=== PROVIDED DATA ===
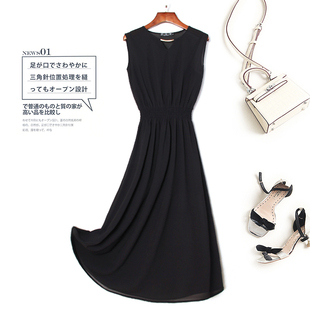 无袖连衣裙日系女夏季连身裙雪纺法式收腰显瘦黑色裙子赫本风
===
=== PROVIDED DATA ===
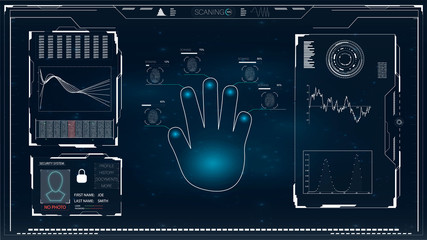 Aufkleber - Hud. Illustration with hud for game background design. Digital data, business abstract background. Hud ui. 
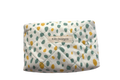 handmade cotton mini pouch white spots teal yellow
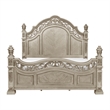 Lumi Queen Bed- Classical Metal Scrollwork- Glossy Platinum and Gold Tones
===
=== PROVIDED DATA ===
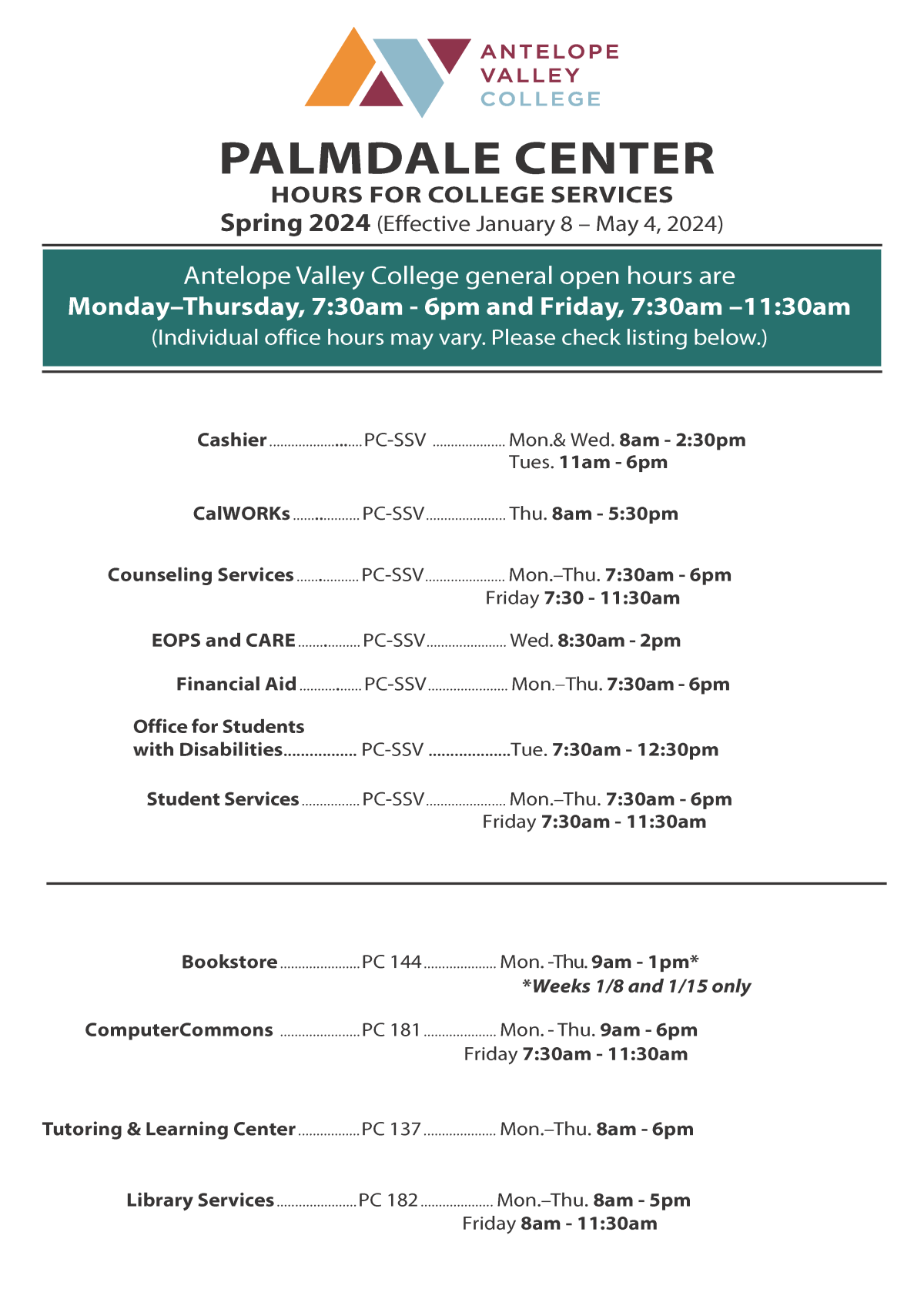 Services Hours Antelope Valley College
===
> _PROBLEM DETAILS_
From the records above, return exactly the lines running from the one that contains "handmade cotton mini" down to the one that contains "Lumi Queen Bed- Classical", both included, without any pictures.

> _RESPONSE TO THE EXERCISE_
 handmade cotton mini pouch white spots teal yellow
 Lumi Queen Bed- Classical Metal Scrollwork- Glossy Platinum and Gold Tones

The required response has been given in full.